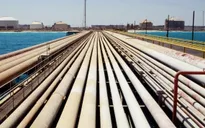 Saudi Arabia đóng tuyến đường ống dầu Đông - Tây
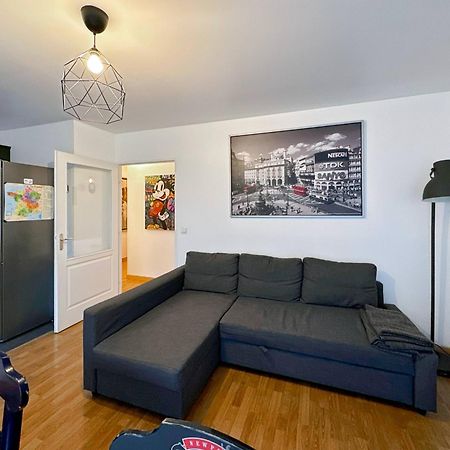 Les Paves De Prague - Appartement Pour 4 A 10 Minutes De Disneyland Paris モンテヴラン エクステリア 写真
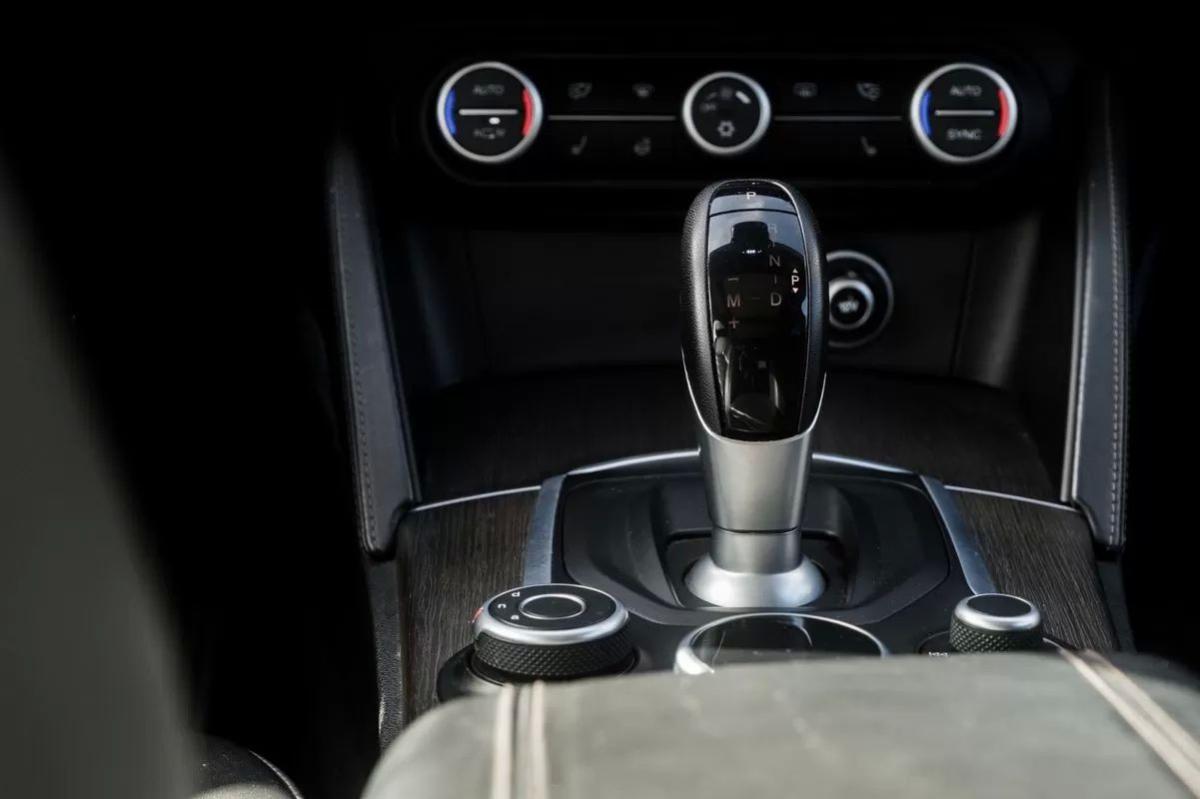 alfa-romeo-stelvio-2017-diesel-2143cc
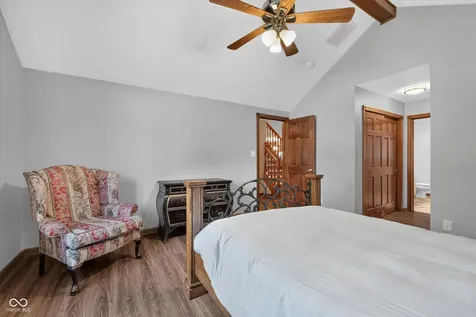 1323 Park Meadow Drive Beech Grove IN 46107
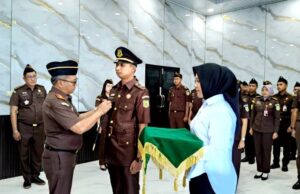 Isi Kekosongan, Kejari Barito Utara Lantik dan Ambil Sumpah Kasi Intelijen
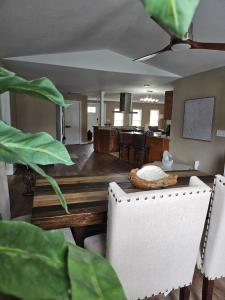 セブリングにあるMayte Diazのテーブルとキッチンのあるリビングルーム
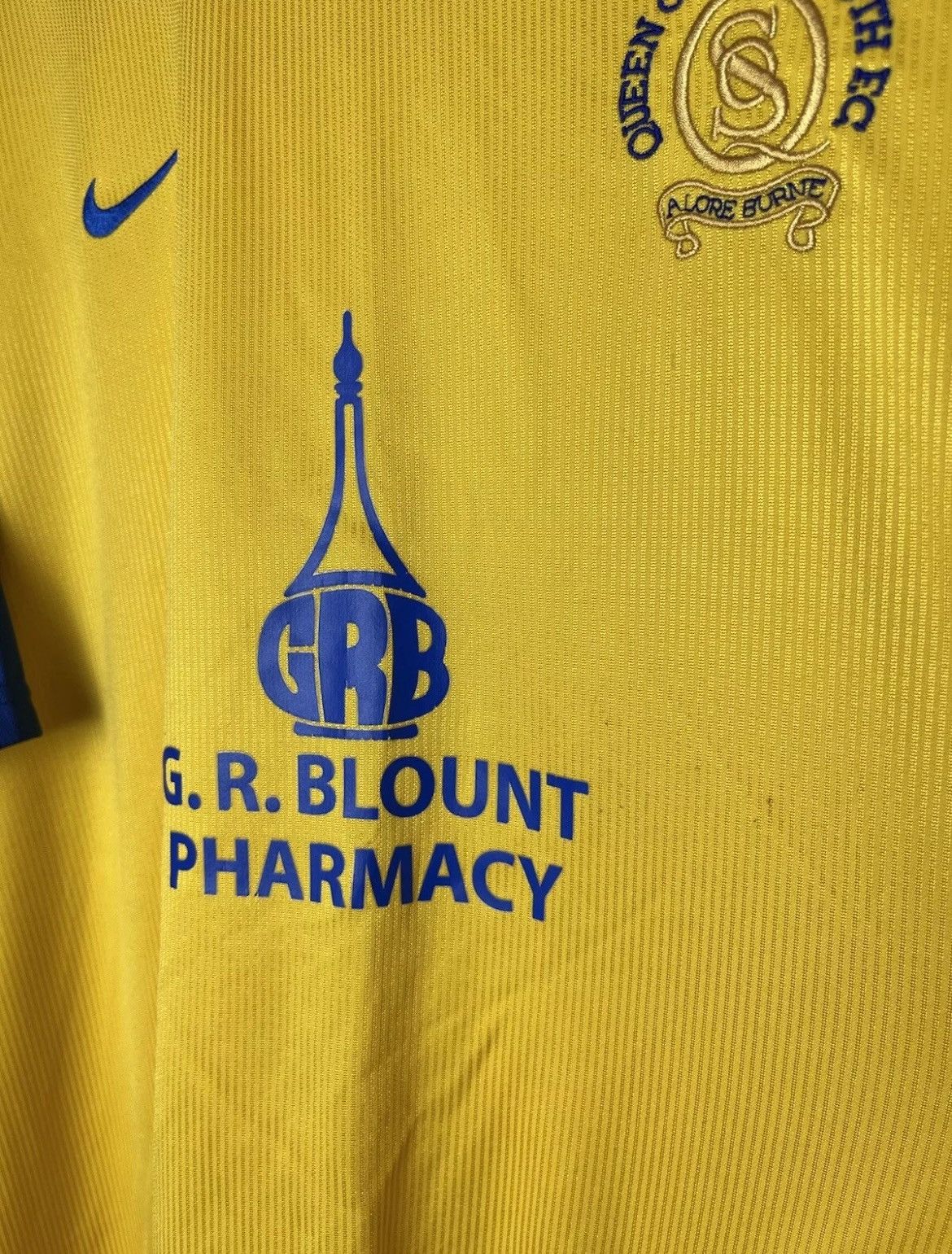 Nike × Vintage Nike Vintage Queen Of The South FC Jersey Size XXL Size US XXL / EU 58 / 5 - 6 Thumbnail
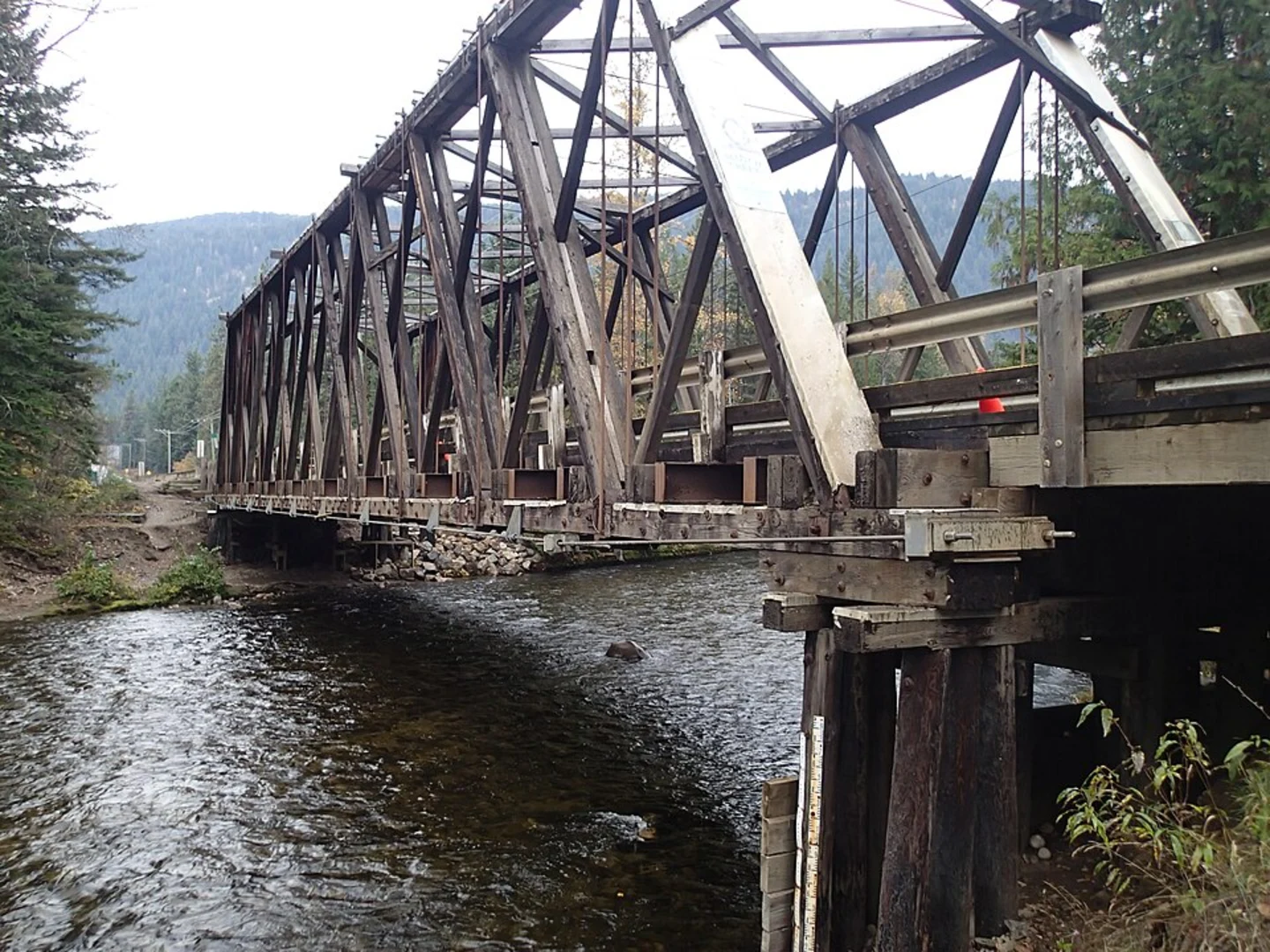 An image depicting the trail Chellaston, Ambaston and Aston on Trent Loop Walk via River Derwent and its surrounding area.
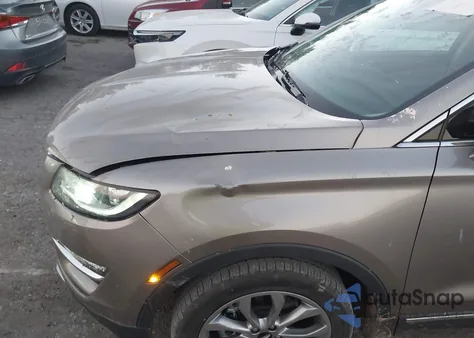 2019 Lincoln Mkc Select z USA, uszkodzony, nr VIN 5LMCJ2C97KUL31954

***

Please output the lines above beginning at the line with "Nike × Vintage" and ending after the line with "An image depicting", precisely as written and with no pictures.

Result below:
 Nike × Vintage Nike Vintage Queen Of The South FC Jersey Size XXL Size US XXL / EU 58 / 5 - 6 Thumbnail
 An image depicting the trail Chellaston, Ambaston and Aston on Trent Loop Walk via River Derwent and its surrounding area.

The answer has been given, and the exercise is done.